While there are many valid issues with which competitors could assail Safelite, the greatest threat is the ownership and operation of its third-party claims company, Safelite Solutions. Here lies the true Trojan Horse, which Belron has used to gain entrance and success into the American auto glass market. Instead of fighting established chains and shops head-to-head throughout the United States, Belron realized that claims management was the most judicious use of resources to capture market share. Instead of dealing with the myriad number of companies, districts and agents, Belron, through Solutions, could bypass the jungle of sales contacts and deal directly with an insurer’s corporate headquarters. By offering a service that streamlines an insurer’s human resources needs along with a fairly stable glass claim cost, the business model certainly appealed to the financial interests of its clients. Once installed as an insurer’s TPA, it correctly ascertained that by becoming the claimant’s first contact, Belron virtually could be guaranteed the lion’s share of the work. To me the strategy is brilliant. Instead of fighting for market share throughout a geographically large and culturally diverse nation, it was able to bypass almost every competitor and install itself as the majority gatekeeper to the insurance market. I truly believe that without Safelite Solutions acting as its funnel, Belron US would not be in the position it is in today in the United States—especially since their two main acquisitions were devalued assets acquired through bankruptcy that were noted as much for production quality installs as they were their penchant for discounting. I commend Belron for applying the proper fertilizer for growth. Tom Feeney who previously held the CEO position at Solutions presided over the application of much of that guano and his reward for that Augean effort was his promotion to his elite position within Belron.
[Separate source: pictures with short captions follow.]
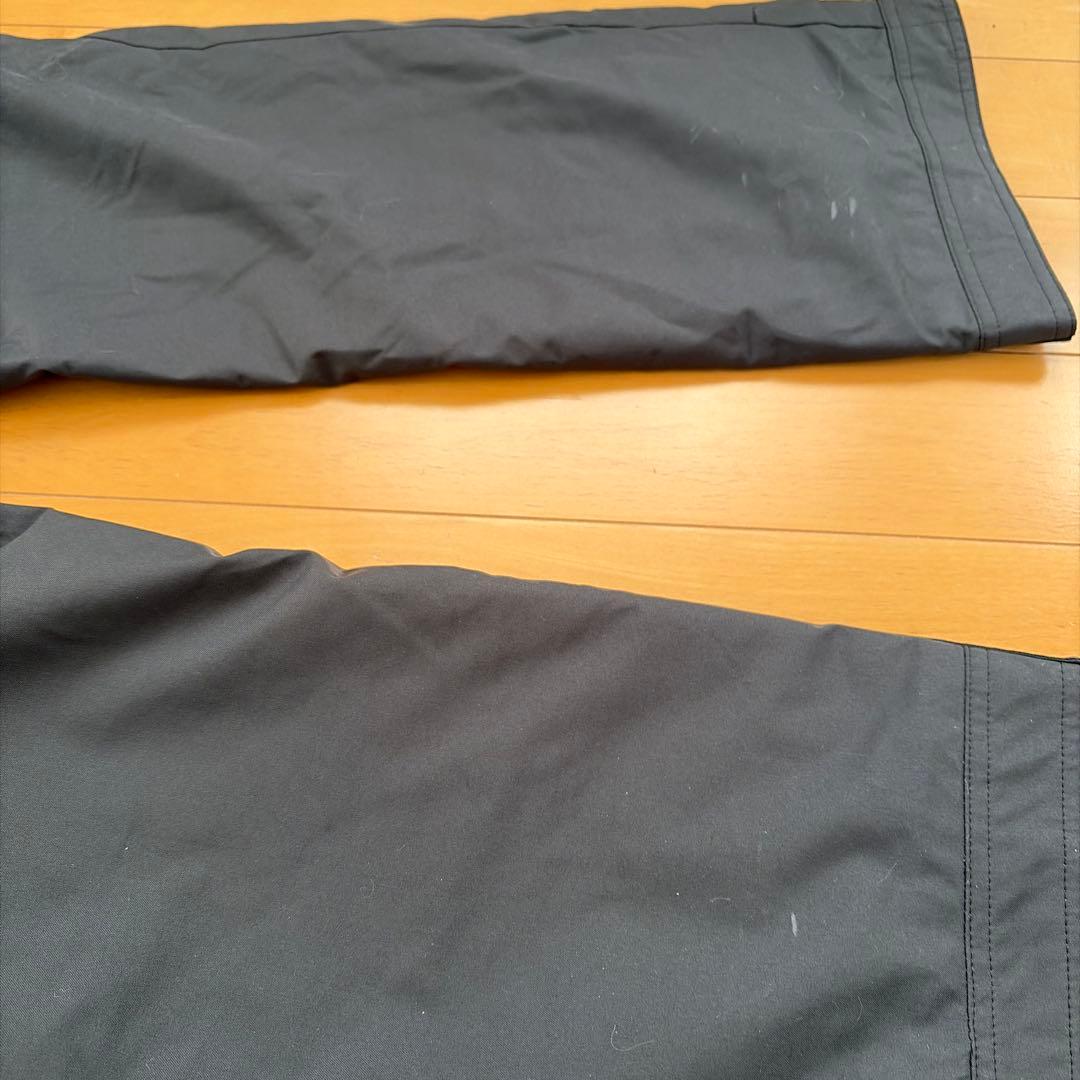 DESCENTE スキーウェア グレー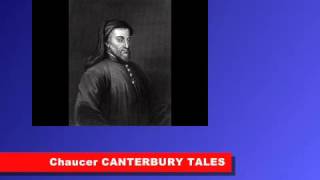 Geoffrey Chaucer The Canterbury Tales [upl. by Ennaillek]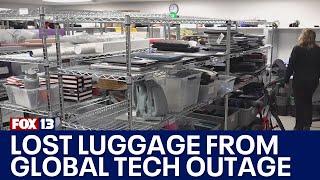 Recovering lost luggage after CrowdStrike global outage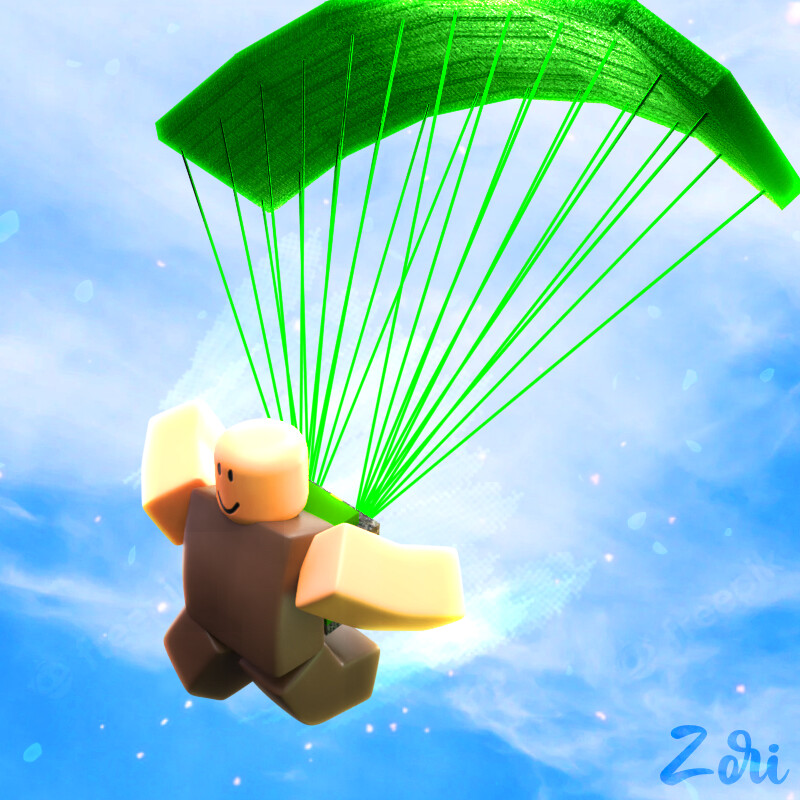 Roblox: Parachute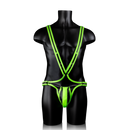 Harnais couvrant le corps - Brille dans le noir - S/M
By the way, speaking of “true” elites, Corey Hemperly of Windshield Doctor Inc. and I have been invited to speak in a joint seminar at the IGA’s Independents’ Days in mid-May. I know times are tough, but I urge you to attend. We are an industry in transition and independents have to find and maintain solidarity. It is at these kinds of functions that relationships form and renew. New ideas are transmitted and shared. I hope to see a number of you there.